Problem:
Go to the line in the entries below that holds "In figure number" and repeat exactly from there through the line that holds "The top purple", inclusive.

───── Provided data ─────

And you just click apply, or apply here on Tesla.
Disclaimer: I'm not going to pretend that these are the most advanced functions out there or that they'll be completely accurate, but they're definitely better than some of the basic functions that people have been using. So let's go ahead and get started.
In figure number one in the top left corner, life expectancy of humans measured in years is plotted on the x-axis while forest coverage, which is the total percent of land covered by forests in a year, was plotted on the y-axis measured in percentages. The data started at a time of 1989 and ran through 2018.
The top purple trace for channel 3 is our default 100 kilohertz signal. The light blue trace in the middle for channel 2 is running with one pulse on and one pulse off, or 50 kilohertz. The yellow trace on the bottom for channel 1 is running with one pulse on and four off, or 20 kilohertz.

─────
───── Provided data ─────

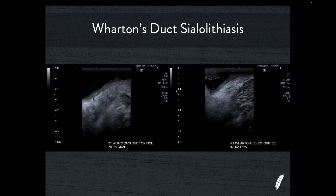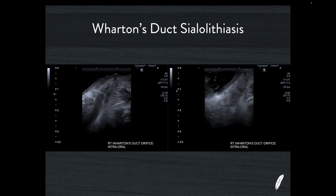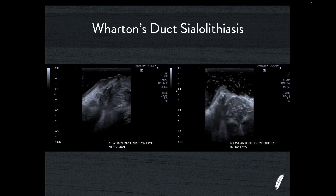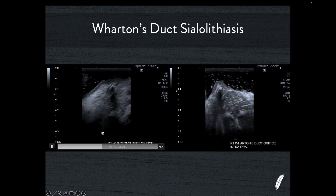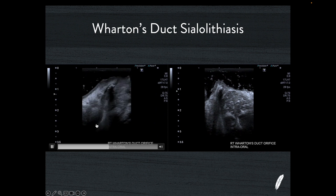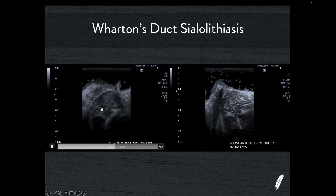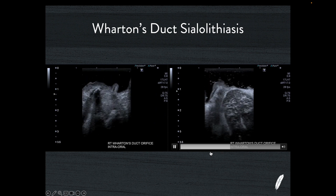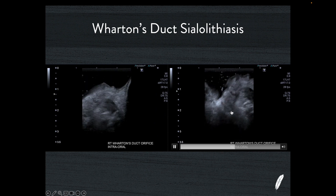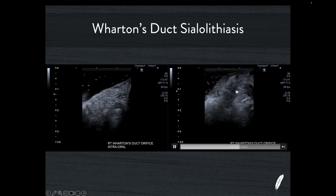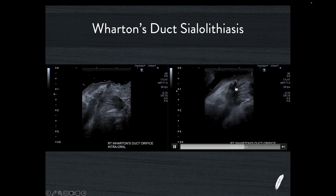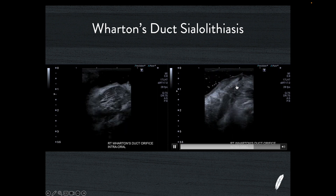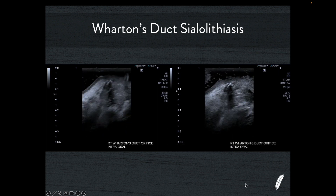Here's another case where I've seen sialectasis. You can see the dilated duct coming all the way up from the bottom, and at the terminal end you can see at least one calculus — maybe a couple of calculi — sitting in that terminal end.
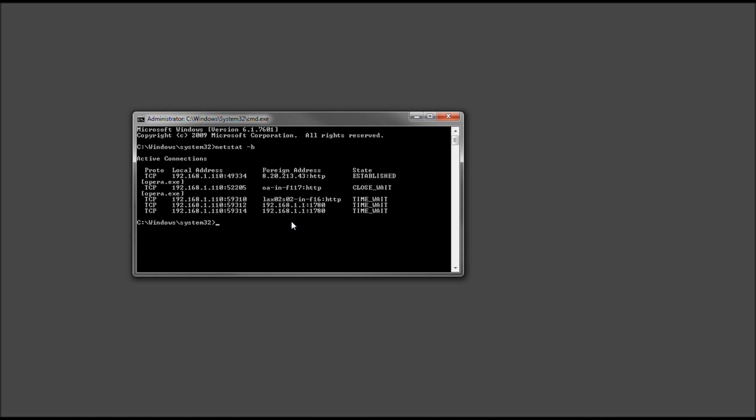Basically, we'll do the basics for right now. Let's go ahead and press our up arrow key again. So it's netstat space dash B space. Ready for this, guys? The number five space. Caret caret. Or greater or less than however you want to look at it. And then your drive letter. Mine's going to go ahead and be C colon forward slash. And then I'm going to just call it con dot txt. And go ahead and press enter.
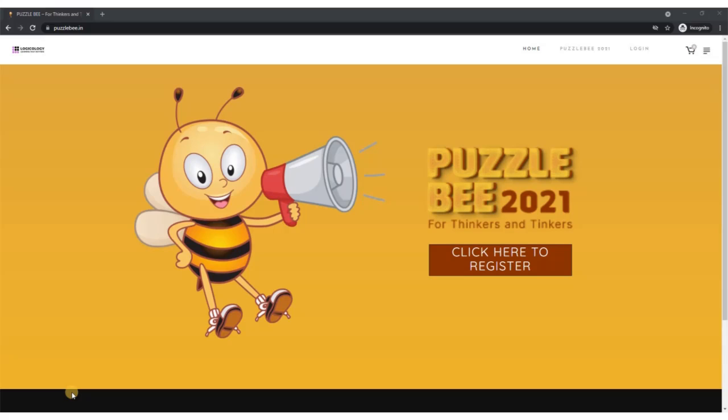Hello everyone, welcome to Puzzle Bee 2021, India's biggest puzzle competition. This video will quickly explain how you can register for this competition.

─────
───── Provided data ─────

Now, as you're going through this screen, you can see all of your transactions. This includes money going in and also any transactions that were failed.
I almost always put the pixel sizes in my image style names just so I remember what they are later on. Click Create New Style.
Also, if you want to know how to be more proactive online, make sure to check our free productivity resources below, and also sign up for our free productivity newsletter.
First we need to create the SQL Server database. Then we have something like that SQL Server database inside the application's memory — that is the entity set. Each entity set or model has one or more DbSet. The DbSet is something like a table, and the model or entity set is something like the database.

─────

Solution to the problem:
In figure number one in the top left corner, life expectancy of humans measured in years is plotted on the x-axis while forest coverage, which is the total percent of land covered by forests in a year, was plotted on the y-axis measured in percentages. The data started at a time of 1989 and ran through 2018.
The top purple trace for channel 3 is our default 100 kilohertz signal. The light blue trace in the middle for channel 2 is running with one pulse on and one pulse off, or 50 kilohertz. The yellow trace on the bottom for channel 1 is running with one pulse on and four off, or 20 kilohertz.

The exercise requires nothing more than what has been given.